==== RECORDS FOR THIS EXERCISE ====
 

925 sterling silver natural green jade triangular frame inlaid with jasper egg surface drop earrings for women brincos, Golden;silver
====
==== RECORDS FOR THIS EXERCISE ====
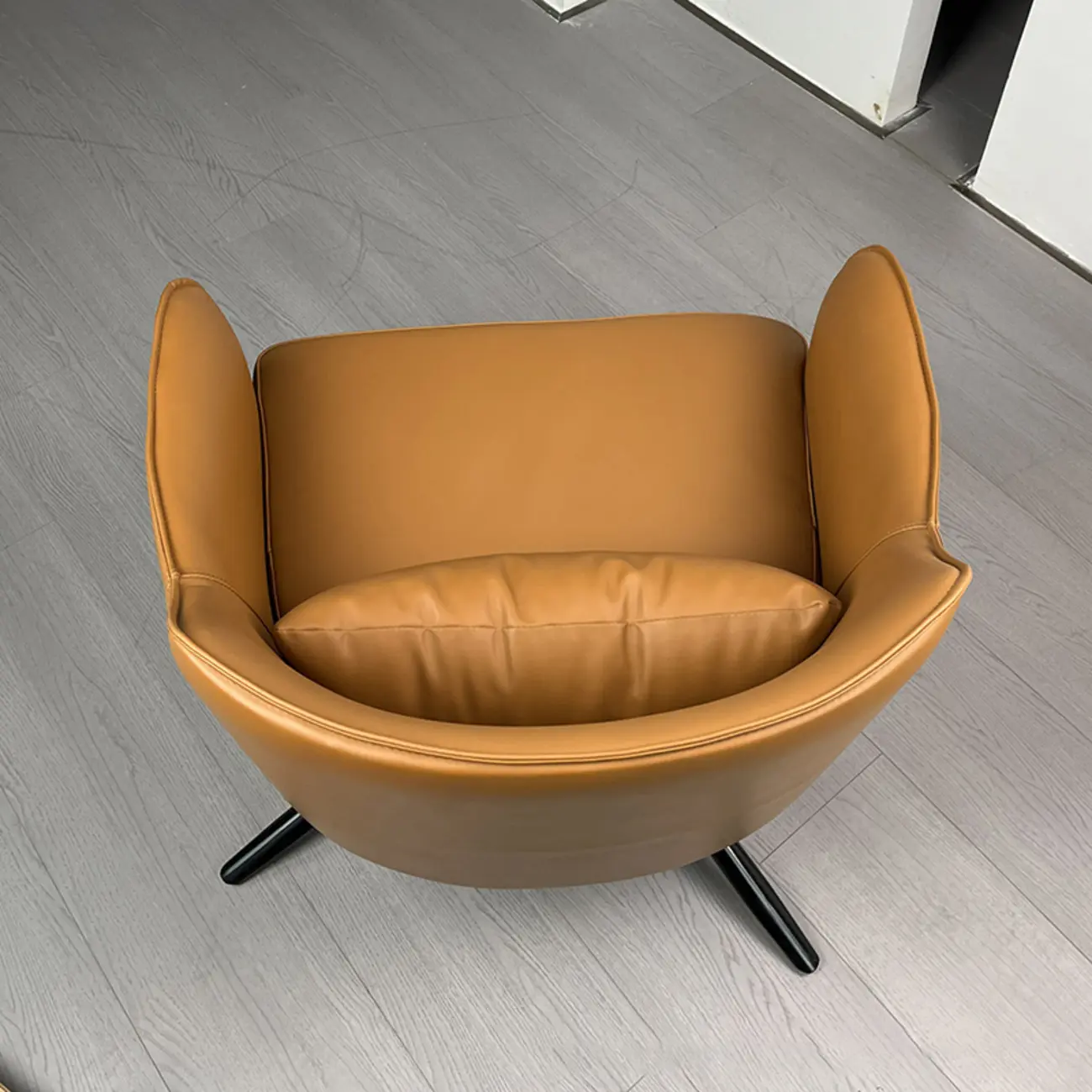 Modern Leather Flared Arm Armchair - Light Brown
====
==== RECORDS FOR THIS EXERCISE ====
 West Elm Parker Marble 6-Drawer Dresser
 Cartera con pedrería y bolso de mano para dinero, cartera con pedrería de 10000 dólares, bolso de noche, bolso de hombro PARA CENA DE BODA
====
### TASK BRIEF
Among the records above, extract exactly the lines from the line with "West Elm Parker Marble 6-Drawer Dresser" to the line with "Cartera con pedrería y", both lines included, and leave out the rest.

### RESULT FOR THIS TASK
 West Elm Parker Marble 6-Drawer Dresser
 Cartera con pedrería y bolso de mano para dinero, cartera con pedrería de 10000 dólares, bolso de noche, bolso de hombro PARA CENA DE BODA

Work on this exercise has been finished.